_Exercise data_
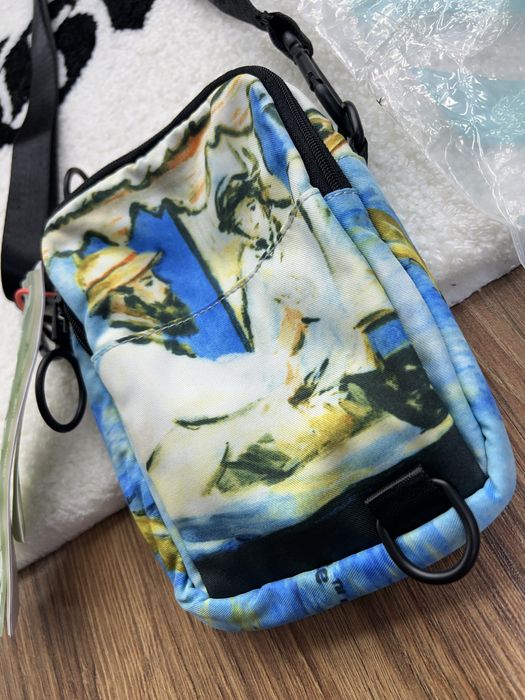 Сумка месенджер Off-White Lake Print Blue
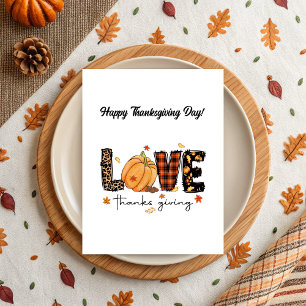 Elegant Happy Thanksgiving Day  Postcard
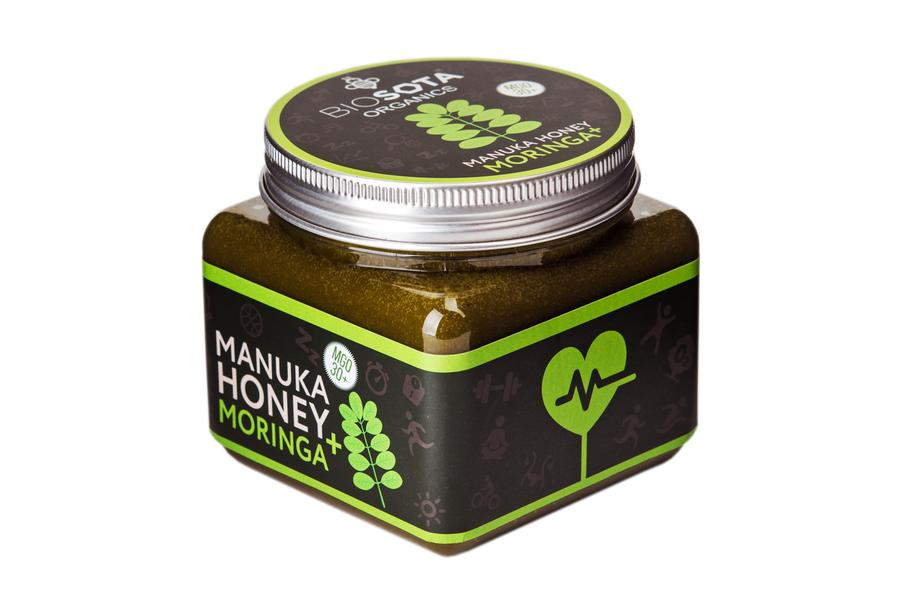 BIOSOTA ORGANICS Manuka med s moringou MGO 30+ (350g)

_The task_
All lines from the one that contains "Elegant Happy Thanksgiving" through the last line of the data should be retyped exactly, with the pictures left out.

_Completed exercise_
 Elegant Happy Thanksgiving Day  Postcard
 BIOSOTA ORGANICS Manuka med s moringou MGO 30+ (350g)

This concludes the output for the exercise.